Following up on a previous post about Chevy's new, heavily-subsidized, electric car, the Volt:
Item: Relying primarily on its battery-powered electric motor, unless the driver draws on the "secondary" gasoline engine, the car must be recharged every 25-50 miles. General Motors presumes that "Chevrolet Volts are likely to be charged off-peak in the evening or overnight when electricity consumption is lower"--and the government-owned automaker claims this would save consumers $1500 per year (see page 9 of the Powerpoint here).
Item: The Chevy's battery can be recharged via a portable 120 Volt unit that plugs into a normal AC outlet (see page 2-3 of the Powerpoint here)--but that takes about 10 hours (see page 7 of the Powerpoint here).
Item: The battery also can be recharged via a 240 Volt home charge unit (see page 2 of the Powerpoint here)--but that requires purchasing the optional unit for $490.
Item: The 240 Volt unit cuts recharging time to only 4 hours (see page 7 of the Powerpoint here)--but that requires instillation by a skilled and licensed electrician, which GM estimates costing an additional $1475.
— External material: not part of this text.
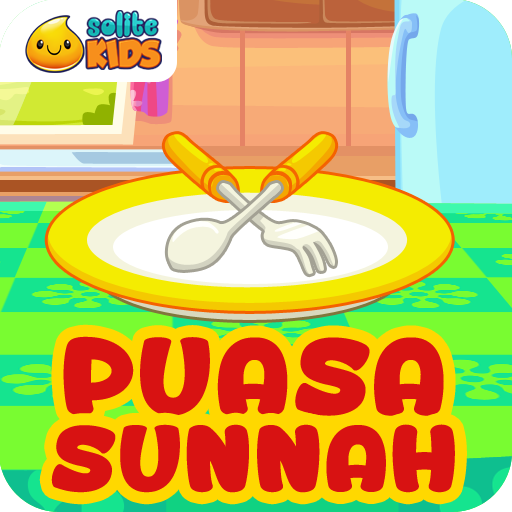 Belajar Puasa Sunnah + Suara logo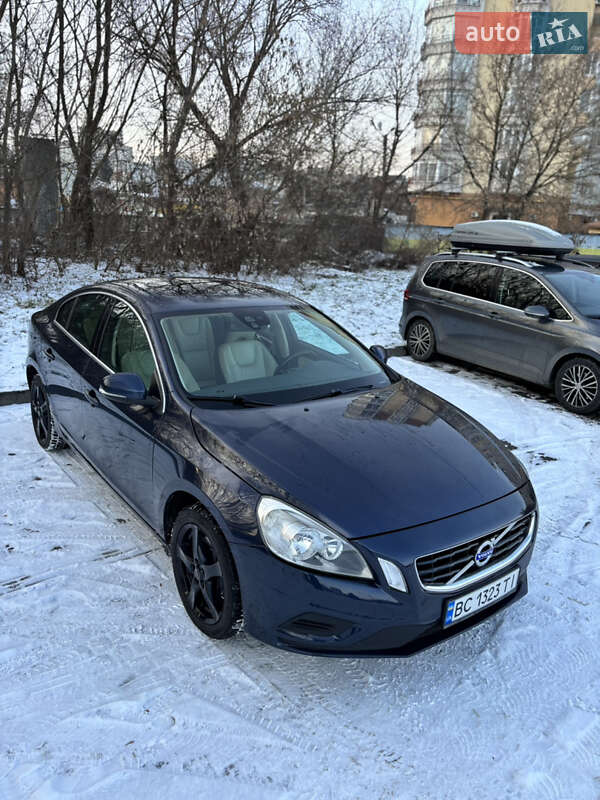 2012 volvo s60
Item: To be fair, consumers may not pay the full freight for installation--that may be reimbursed in part by state and Federal tax credits.
Conclusion: Reader OBH said in comments on the previous Chevy Volt post:
Beware of technical tricks.OBH was talking about actual energy saving and carbon reduction, which drops when one examines electric generation, production inputs and disposal for an electric car's entire inputs and life-cycle. Yet the same is true regarding the Chevy Volt's operating cost as well--it's about $2000 more expensive than claimed. Oh, and those (additional) tax credits for purchasers of faster charger? That may make consumer prices less expensive--but that's still is a cost paid via cross subsidies from taxpayers as a whole to the smug socialists who purchase a Volt as proof they're progressive.
The only -- repeat: only -- way to examine this whole process (and that's IF we [acknowledge] that the carbon footprint is relevant to jack or that other stuff -- a very BIG "if") is to utilize some variety of full-life-cycle accounting.